Paclitaxel Extravasation Treatment
Immediately stop the infusion, leave the cannula in place, and attempt to aspirate as much extravasated drug as possible through the existing line—paclitaxel is a vesicant capable of causing severe tissue necrosis requiring surgical debridement. 1, 2
Immediate Management Steps
Step 1: Stop and Aspirate
- Stop the infusion immediately upon suspicion of extravasation 3, 1
- Leave the cannula in place—do not remove it 3, 4
- Gently aspirate through the existing cannula to withdraw as much extravasated solution as possible 3, 4
- Avoid applying pressure or massaging the surrounding area, as this spreads the drug further into tissues 4, 5
Step 2: Supportive Care
- Elevate the affected extremity to reduce swelling 4
- Apply dry cold compresses for 15-20 minutes, four times daily for 24-48 hours to promote vasoconstriction and limit drug dispersion 5
- Provide appropriate analgesia for pain control, as paclitaxel extravasation can cause severe pain 4
Step 3: What NOT to Do (Critical Pitfalls)

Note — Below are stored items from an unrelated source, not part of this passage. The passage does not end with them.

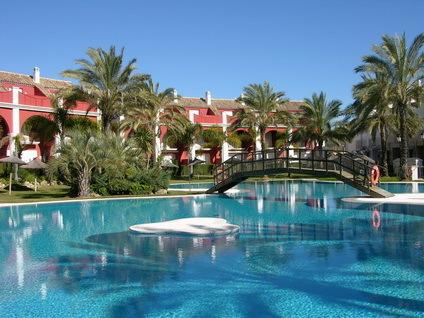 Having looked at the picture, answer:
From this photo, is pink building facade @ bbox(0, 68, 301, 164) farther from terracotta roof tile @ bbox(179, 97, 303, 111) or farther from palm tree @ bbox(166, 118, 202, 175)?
palm tree @ bbox(166, 118, 202, 175)

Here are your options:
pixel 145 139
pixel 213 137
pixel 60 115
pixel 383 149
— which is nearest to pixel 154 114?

- Do not use subcutaneous corticosteroids—retrospective data demonstrates that intralesional corticoids increased the need for surgical debridement 5
- Do not remove the cannula before attempting aspiration 3, 4
- Do not apply manual pressure to the extravasation site 4, 5
Documentation Requirements
Document the following mandatory items for patient safety and legal purposes: 3, 5
- Patient name and identification number
- Date and time of extravasation
- Name of drug extravasated and diluent used
- Signs and symptoms (including those reported by patient)

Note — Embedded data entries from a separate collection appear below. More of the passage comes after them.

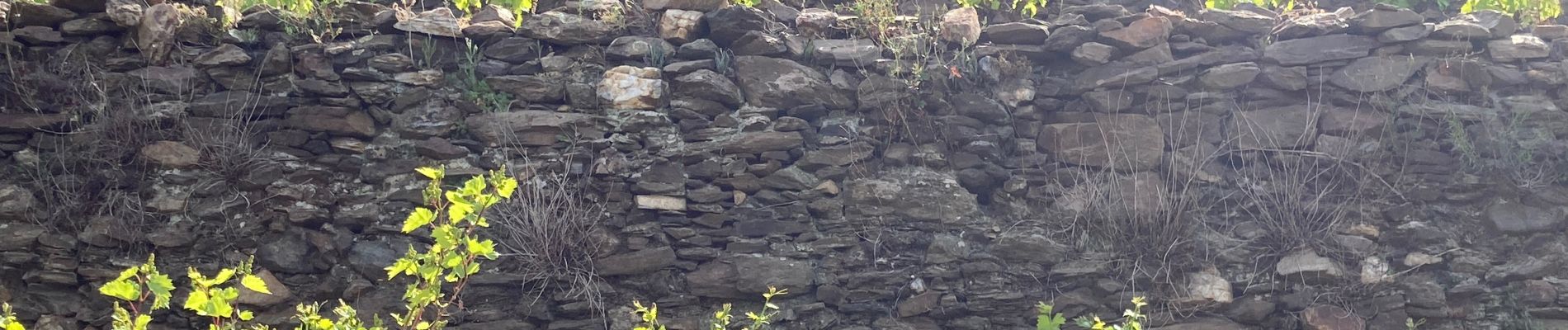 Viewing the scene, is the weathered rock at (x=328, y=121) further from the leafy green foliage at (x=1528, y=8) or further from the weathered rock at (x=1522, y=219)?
the leafy green foliage at (x=1528, y=8)

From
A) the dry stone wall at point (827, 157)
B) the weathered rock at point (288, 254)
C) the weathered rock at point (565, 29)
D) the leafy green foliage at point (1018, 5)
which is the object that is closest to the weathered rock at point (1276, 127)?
the dry stone wall at point (827, 157)

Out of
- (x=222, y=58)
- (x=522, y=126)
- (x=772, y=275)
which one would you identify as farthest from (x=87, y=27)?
(x=772, y=275)

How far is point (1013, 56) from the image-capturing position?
5.21 m

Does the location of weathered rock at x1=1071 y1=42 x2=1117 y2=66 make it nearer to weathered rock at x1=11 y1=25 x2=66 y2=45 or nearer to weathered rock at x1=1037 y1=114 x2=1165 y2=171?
weathered rock at x1=1037 y1=114 x2=1165 y2=171

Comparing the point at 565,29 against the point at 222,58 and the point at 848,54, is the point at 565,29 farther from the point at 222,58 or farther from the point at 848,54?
the point at 222,58

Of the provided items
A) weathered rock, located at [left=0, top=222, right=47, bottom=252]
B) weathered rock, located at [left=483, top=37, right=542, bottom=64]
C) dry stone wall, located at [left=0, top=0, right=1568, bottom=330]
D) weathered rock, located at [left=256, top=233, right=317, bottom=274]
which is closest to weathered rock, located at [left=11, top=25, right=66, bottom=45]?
dry stone wall, located at [left=0, top=0, right=1568, bottom=330]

- Description of the IV access site and location
- Estimated extravasation area and approximate volume of drug
- Management steps taken with corresponding times
- Consider photographic documentation for follow-up purposes and decision-making 3, 5
Follow-Up Protocol
Review the patient daily or every 2 days during the first week, then weekly until complete resolution of symptoms 3, 4
What to Monitor For:
- Early signs may be subtle and not immediately evident 3
- In the following days, initial inflammation increases with more redness, edema, and pain 3
- After several days or weeks, blisters may appear and inflammation can evolve to necrosis 3, 2
- One case report documented no acute symptoms at the time of extravasation, but severe progressive pain developed on day 11 with erythema and central necrosis requiring surgical intervention 2
Surgical Management
Surgical debridement is reserved for unresolved tissue necrosis or pain lasting more than 10 days 3, 4, 5
Surgical Procedure:
- Wide, three-dimensional excision of all involved tissue 3, 5
- Temporary coverage with biologic dressing 3, 5
- Simultaneous harvesting and storage of split-thickness skin graft 3
- Delayed graft application at 2-3 days once the wound is clean 3, 5
Note that only one-third of extravasations progress to ulceration, so surgical intervention is relegated to severe cases or when conservative therapy was not appropriately initiated 3
Special Considerations for Central Line Extravasation
Suspect central line extravasation if acute thoracic pain develops during infusion 3, 4
Management:
- Confirm diagnosis with thoracic CT scan showing accumulation in mediastinum, pleura, or subcutaneous chest/neck tissue 3, 4
- Stop the infusion and aspirate through the central venous catheter as much solution as possible 3
- Consider IV corticosteroids, antibiotics, and analgesia for mediastinitis or pleuritis symptoms 3, 4
- Surgical drainage procedures may be considered in severe cases 3
Important Clinical Context
Paclitaxel's vesicant potential has been historically underestimated—older literature classified it as merely a local irritant, but multiple case reports demonstrate it can cause severe delayed necrosis requiring surgical debridement 2, 6. The FDA label specifically warns about the possibility of extravasation and advises close monitoring of the infusion site during administration 1. Prolonged peripheral infusions should be avoided or administered with extreme caution 2.